Interacting with the locals abroad

Solo traveller

Traveling the world gives you the opportunities to meet many different kinds of people you’d never normally get the chance to. Not only will you meet other travelers while traveling, you’ll also meet many locals. Your interactions with locals will generally differ depending on what kind of area you’re in (i.e. whether it’s a tourist or non-tourist area) and your sex (i.e. whether you’re male or female).

As a traveler in a foreign country, it is important that you’re respectful to the local people, and that you respond to any offers of hospitality in the right way.

Meeting Local People in Non-Tourist Areas

When traveling through rural areas (or areas where travelers/foreigners rarely visit), you may find that you’re seen (and treated) as something of a celebrity. You may be visiting a place where no-one has ever seen someone of your race/culture, so don’t be surprised if people stop in their tracks to stare at you, if large crowds gather to watch you eat or if children are unable to contain their excitement and follow you around everywhere.

Meeting Local People on the Tourist Trail

While in non-tourist areas the locals will be interested in you, in more touristy areas the local people will no-doubt be more interested in your money (and how they can get it). This isn’t to say that you can’t have genuinely wonderful interactions with locals in tourist areas. Of course you can, but it will be a lot more difficult. Because tourist areas are often filled with tourists (by definition), the locals that live in these areas will naturally be more accustomed to interacting with foreigners, meaning you won’t have the same novelty as you would in non-tourist areas.
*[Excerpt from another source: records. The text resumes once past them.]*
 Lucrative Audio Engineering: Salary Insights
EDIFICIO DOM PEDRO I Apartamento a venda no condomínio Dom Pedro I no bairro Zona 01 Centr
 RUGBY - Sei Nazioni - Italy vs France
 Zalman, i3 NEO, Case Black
Because of this, don’t be surprised if you occasionally meet a local who is rude to you. Instead of getting annoyed by this, remember that not all places have the same views on customer service and courtesy as we do in the western world, so don’t try to shoehorn your own country’s culture into theirs. As you might expect, a large majority of your interactions with local people in tourist areas will revolve around transactions (i.e. you paying them for some goods or a service).
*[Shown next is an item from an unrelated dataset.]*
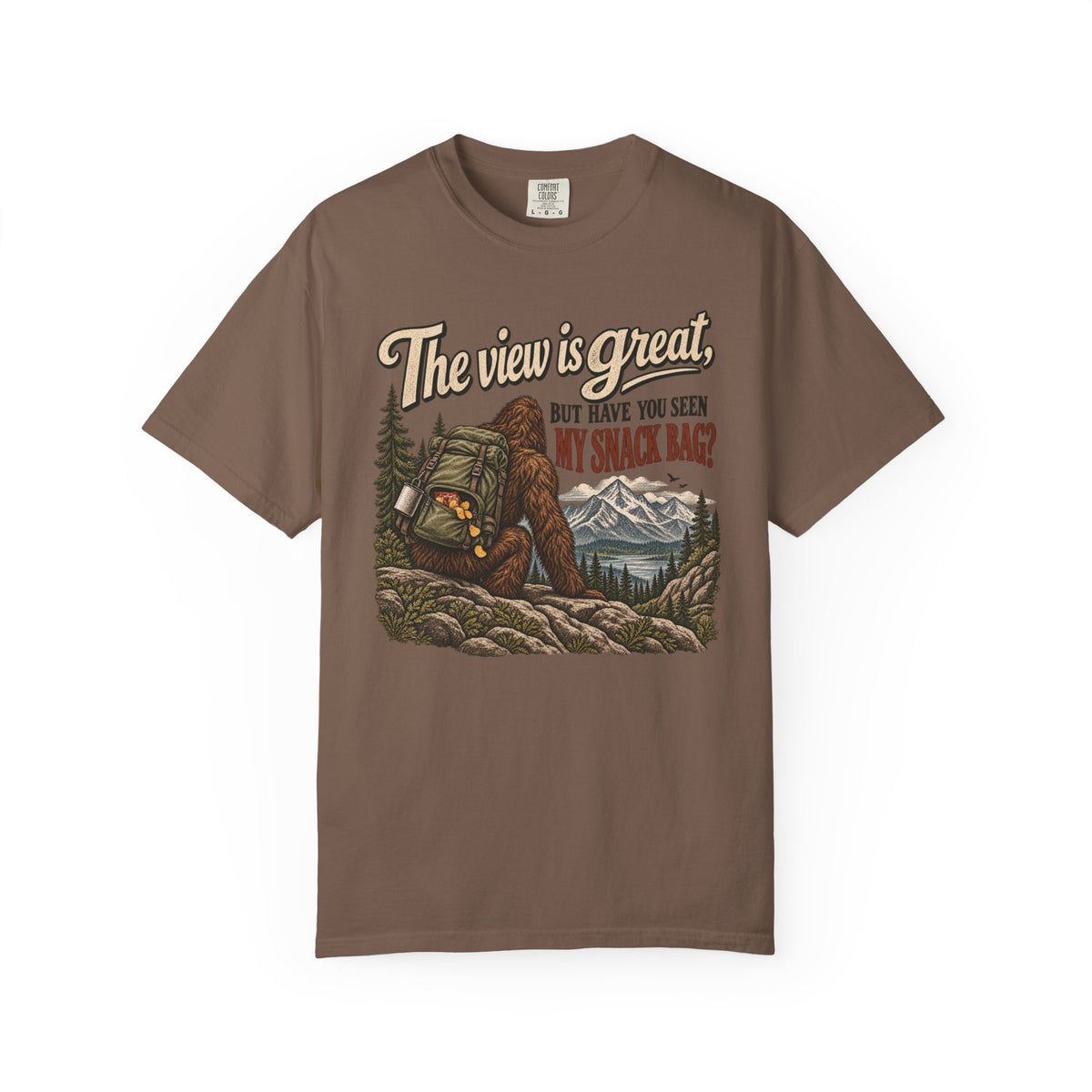 My Snack Bag T-Shirt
This is typically where most disagreements will arise, as locals may try to extract as much money as they can from you. Of course, traveling can be an expensive hobby so it’s good to try and keep your costs down, but don’t quibble over the cost of a few pence and remember that the money you’re spending will probably go towards feeding a person’s family.
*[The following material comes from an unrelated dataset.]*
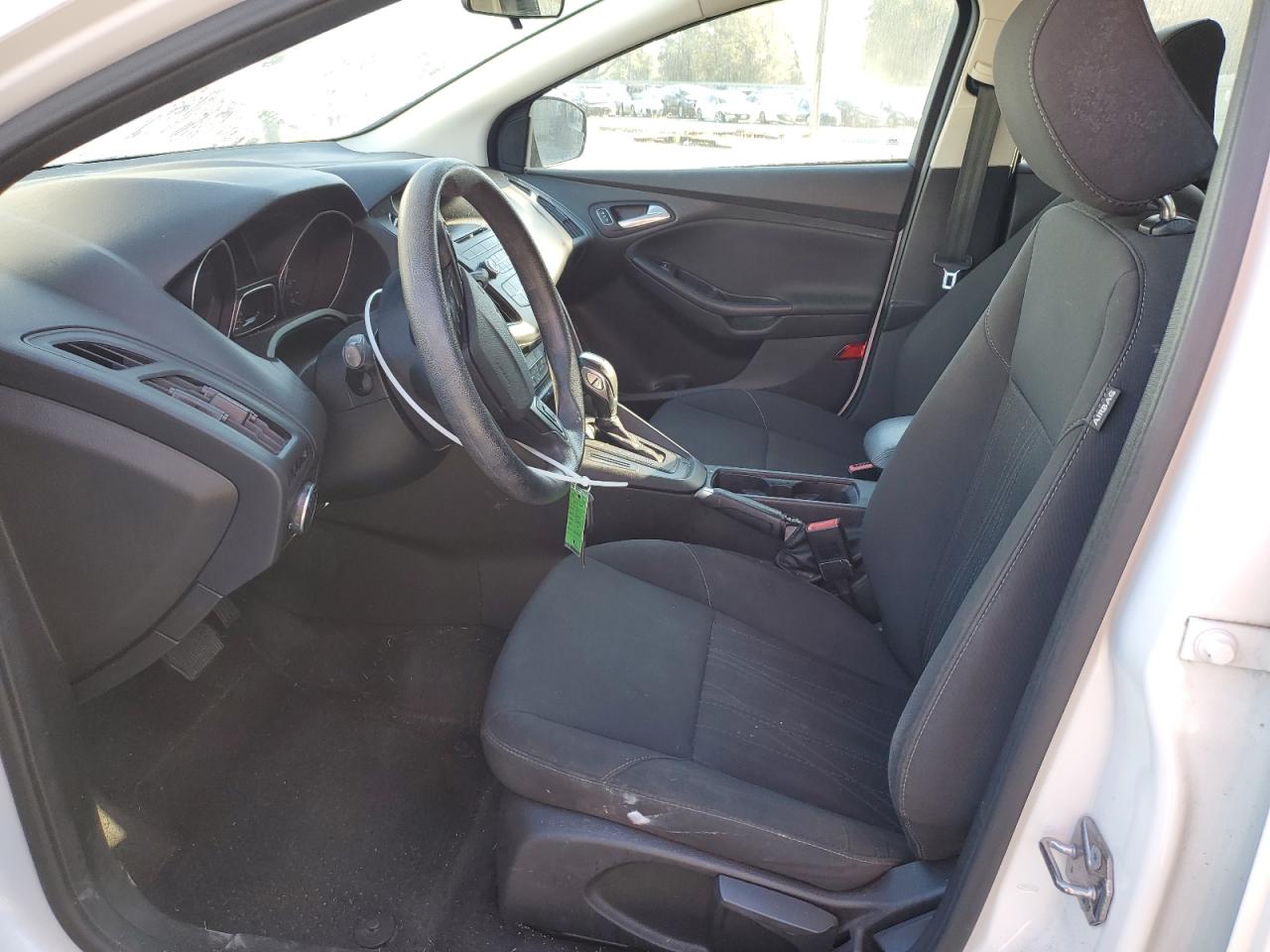 1FADP3K23GL255236 FORD FOCUS 2016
Responding to Offers of Hospitality

As you travel and interact with local people, you might occasionally be presented with an offer of hospitality. For example, a local person might invite you to dinner with their family or offer you a place to stay while you’re in town. How you respond to these offers largely depends on where you are. Genuine offers of hospitality in areas filled with tourists are rare, for example, and should be treated with caution (as probably involve you being taken to their brother’s souvenir shop and ‘encouraged’ to buy something). Alternatively, you can live with a local.

In my experience, most (genuine) offers of hospitality come from working class people living away from the major tourist areas (which is slightly surprising as these are often the poorest people in the country). For many of these people, playing host to an exotic foreigner (that’s you!) is seen as something of a badge of honor. Therefore, turning such invitations down (out of charity or guilt) can be seen as an insult.

If you feel guilty about eating the food of a person who is significantly worse off (financially than you) but you don’t want to turn their offer down, one way to show your appreciation is to bring them a small gift as a sign of your gratitude and appreciation.

Bridging the Language Gap

These days, English is the first, second or third language of most countries, meaning it’s likely that wherever you go, someone will speak it in at least some capacity. That being said, as you travel it is likely that you’ll meet lots of people (particularly those who are older or lower class) who won’t speak English at all. Basic interactions with these people can be had through improvised sign language and facial expressions (i.e. pointing and smiling), but you’ll struggle to have interactions of any depth unless the two of you speak the same language.

Whenever you visit a new country, it’s a good idea to try and learn a few of the key phrases (such as ‘hello’, ‘thank you’, ‘how much?’, etc.) before you get there. These common phrases will help you to get by a little better, but it is often said that to really understand a local culture, you must speak the local language. Learning one new language is hard enough, so if you’re traveling across 10 different countries this is nigh-on impossible. Therefore, instead of trying to learn multiple languages, it’s best to learn one that’s spoken in a lot of places (such as Spanish or Portuguese).

A Word of Warning to Female Travelers

Depending on your gender, interactions with local people in foreign countries can differ drastically (especially in Asia and the Middle East). Typically, female travelers will attract far more attention (and even harassment) than men and will be a source of curiosity. In order to avoid unwanted attention, educate yourself on the dress code of the country you’re entering (this information can be found in most guidebooks) and stick to it. Also, when traveling in ‘traditional’ cultures, be wary of making eye contact with me, as this could be misconstrued as a sexual invitation rather than an acknowledgement of their presence.

A Final Note

Finally, the biggest mistake you can make when interacting with locals abroad is to attempt to ‘acquire’ these experiences as if they were souvenirs. Instead, realize that these are real people you’re interacting with, and try to relate to them as one person to another.